### Activity
Exact copies of all the lines below are required, with the pictures omitted.

---- Data for review

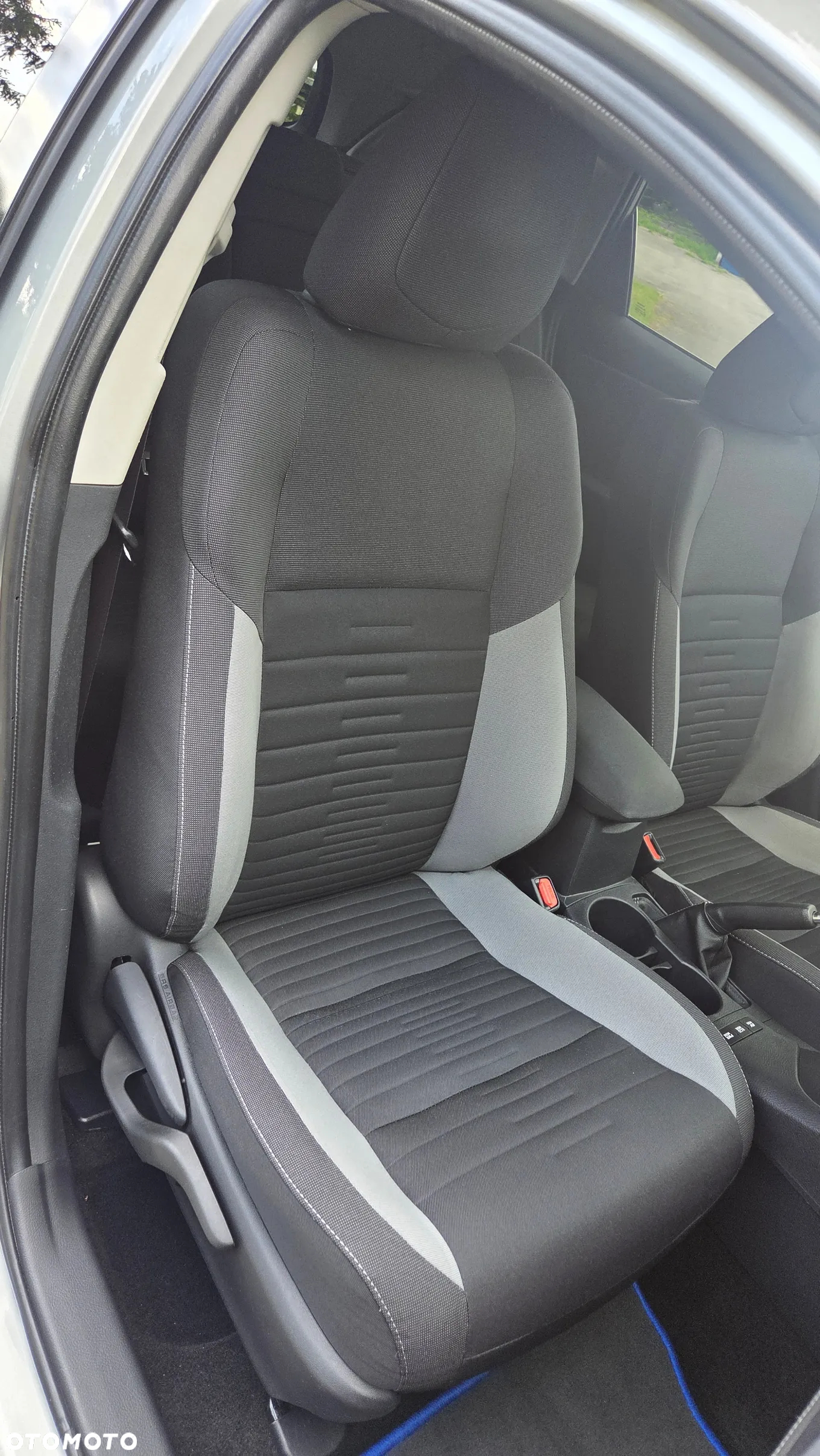 Toyota Auris 1.8 VVT-i Hybrid Automatik Touring Sports Comfort - 24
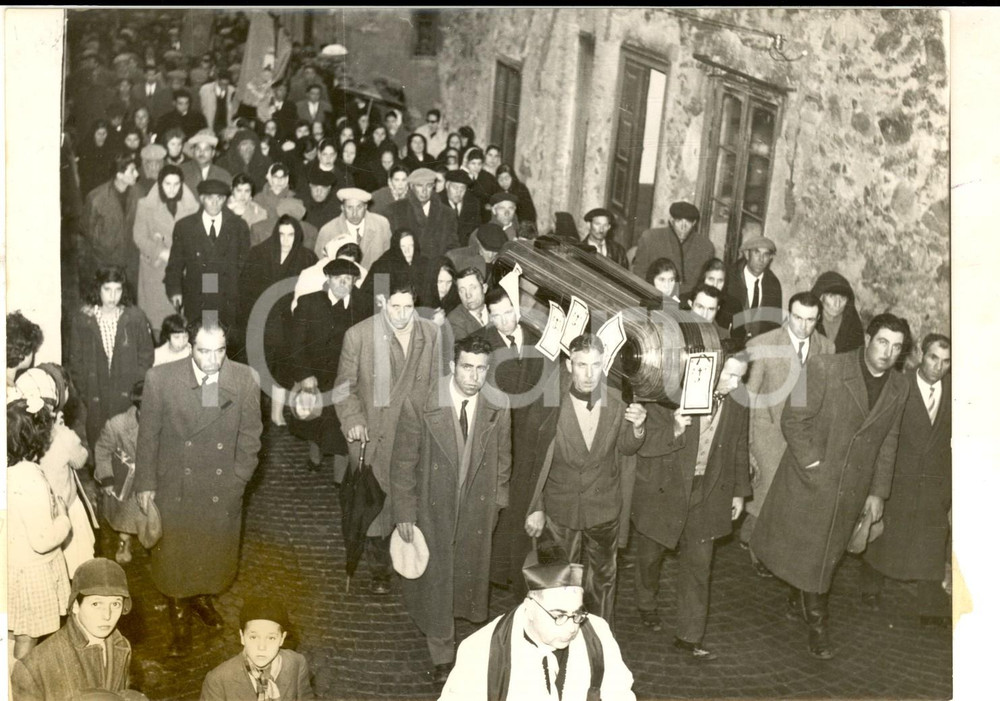 Fotografia d epoca originale 1961 VALLEDOLMO PA Funerali consigliere Saverio PANZICA ucciso a lupara Foto 1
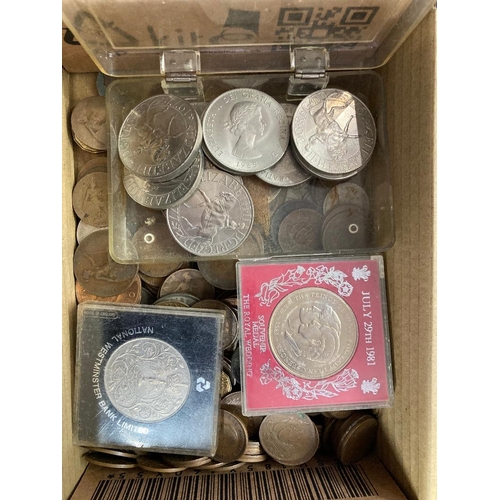 612 - COINS Small box of mixed English coinage including George III to early QEII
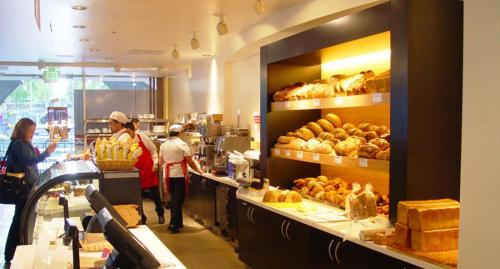 Andersen-Bread-SF-shelves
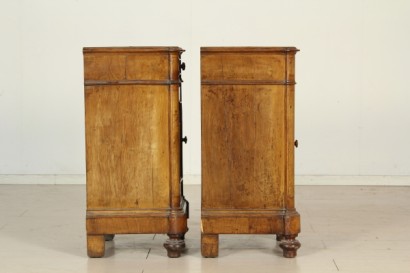 Par mesitas Umbertino ", pies, las poblaciones de nogal se convirtió, en forma superior, #bottegaumbertina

--------

### Task solution
 Toyota Auris 1.8 VVT-i Hybrid Automatik Touring Sports Comfort - 24
 Fotografia d epoca originale 1961 VALLEDOLMO PA Funerali consigliere Saverio PANZICA ucciso a lupara Foto 1
 612 - COINS Small box of mixed English coinage including George III to early QEII
 Andersen-Bread-SF-shelves
 Par mesitas Umbertino ", pies, las poblaciones de nogal se convirtió, en forma superior, #bottegaumbertina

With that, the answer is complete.